== About this task ==
Write out exactly the lines below starting at the one containing "Pros and Cons" and ending at the one containing "Poster Borboleta em um Calêndula (Frente)". Omit every picture.

== Stored data ==

BEGIN

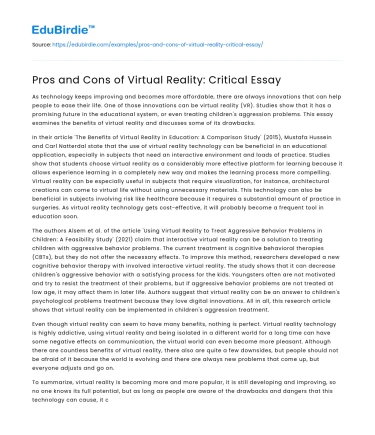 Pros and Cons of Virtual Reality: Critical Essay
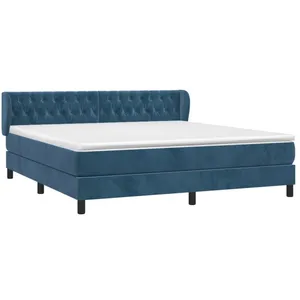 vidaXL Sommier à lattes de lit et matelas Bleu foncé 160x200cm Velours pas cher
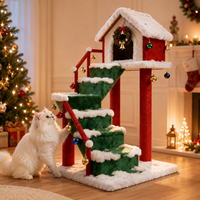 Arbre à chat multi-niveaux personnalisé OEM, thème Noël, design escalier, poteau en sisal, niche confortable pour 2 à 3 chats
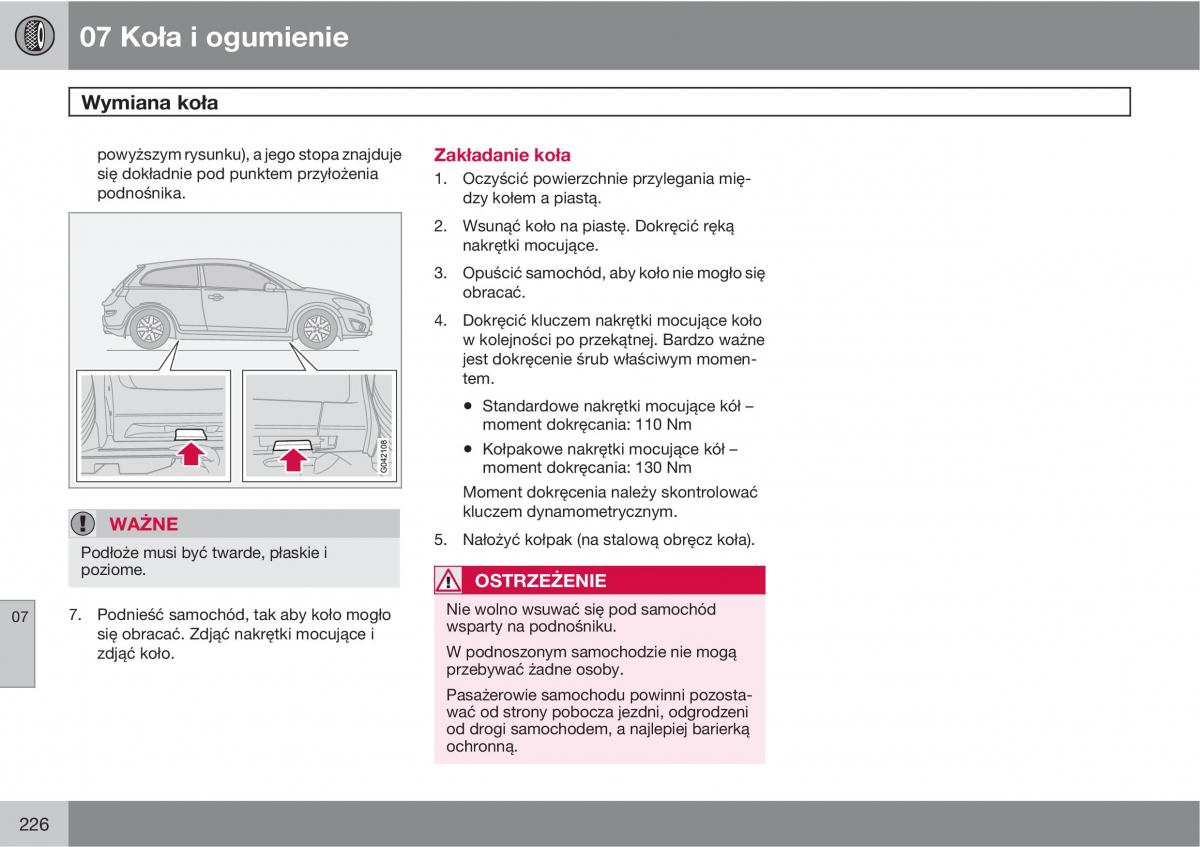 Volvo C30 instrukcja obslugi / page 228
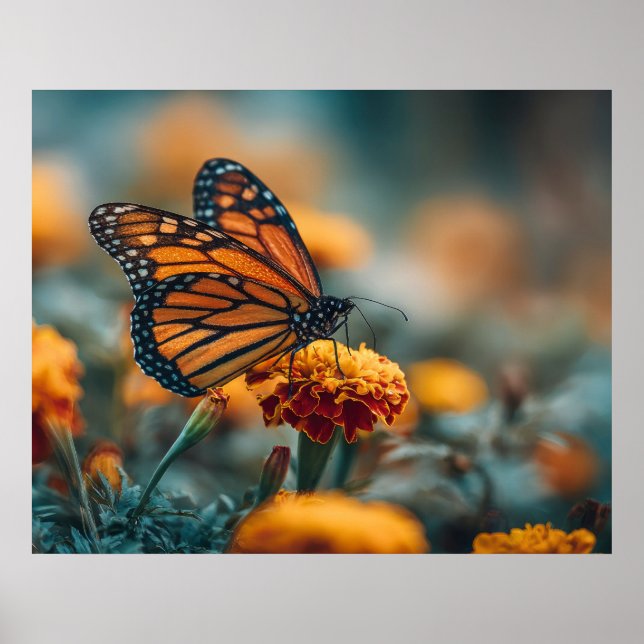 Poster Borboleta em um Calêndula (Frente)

END
BEGIN

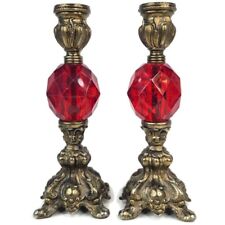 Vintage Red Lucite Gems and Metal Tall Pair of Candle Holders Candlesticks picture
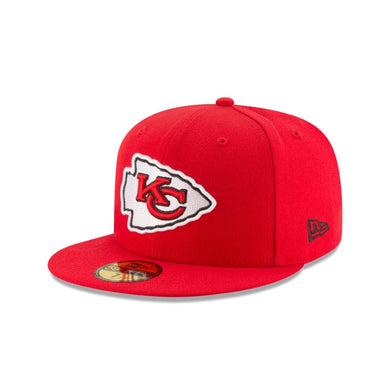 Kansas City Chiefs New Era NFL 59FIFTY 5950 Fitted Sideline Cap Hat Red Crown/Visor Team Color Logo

END

== Solution ==
 Pros and Cons of Virtual Reality: Critical Essay
 vidaXL Sommier à lattes de lit et matelas Bleu foncé 160x200cm Velours pas cher
 Arbre à chat multi-niveaux personnalisé OEM, thème Noël, design escalier, poteau en sisal, niche confortable pour 2 à 3 chats
 Volvo C30 instrukcja obslugi / page 228
 Poster Borboleta em um Calêndula (Frente)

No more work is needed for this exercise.